Num vídeo divulgado nas redes sociais, Akhmed Zakayev, líder do governo separatista tchetcheno no exílio, exortou todos os seus compatriotas no exterior a lutarem ao lado do governo ucraniano.

“Fortalecer Rússia na Ucrânia é fortalecer criminosos”

Os tchetchenos não são o único grupo muçulmano auxiliando os ucranianos. Said Ismagilov, um dos principais líderes islâmicos da Ucrânia, de origem tártara, postou uma foto sua de uniforme militar, ao lado de membros das Forças de Defesa Territorial, em Kiev. Num vídeo, conclamou os muçulmanos de todo o mundo a serem solidários com o país sob invasão russa.

Os tártaros da Crimeia, uma etnia islâmica originária da península ucraniana anexada por Moscou em 2014, têm resistido à ocupação russa desde 2015, alguns deles integrando as Forças Armadas da Ucrânia.

Em vídeo compartilhado pela mídia ucraniana, o líder da comunidade muçulmana da Crimeia reconhecida pela Ucrânia, Ayder Rustemov, urgiu seus irmãos de fé e nacionalidade a defenderem o país, além de apelar aos muçulmanos russos para que condenem a agressão de Moscou.

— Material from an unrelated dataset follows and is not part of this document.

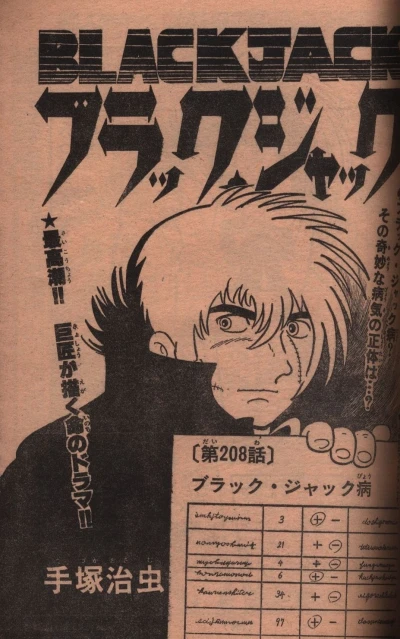 Background for "Black Jack" Black Jack Byō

Ramzan Kadyrov, que é adepto do sufismo, uma seita islâmica moderada com raízes históricas profundas na Tchetchênia, tentou classificar as batalhas na Ucrânia como jihad, ou “guerra santa”: “Temos uma ordem, temos jihad”, escreveu um 4 de março no Telegram.

Organizações de direitos humanos, como a Human Rights Watch, informam que as forças paramilitares de Kadyrov têm um longo histórico de aterrorizar, torturar e matar dissidentes políticos, alegando tratar-se de rebeldes muçulmanos. As afirmações mais recentes do dirigente tchetcheno foram alvo de criticas não só de ativistas muçulmanos, mas até de apoiadores de uma guerra santa, inclusive jihadistas da Síria e do Iraque.

“A Rússia matou milhares de muçulmanos e continua matando”, afirmou no Telegram Maysara bin Ali, também conhecido como Abu Maria al-Qahtani, um dos comandantes do grupo islamista Heyaat al Tahrir Sham: “Fortalecer a Rússia na Ucrânia significa fortalecer criminosos.”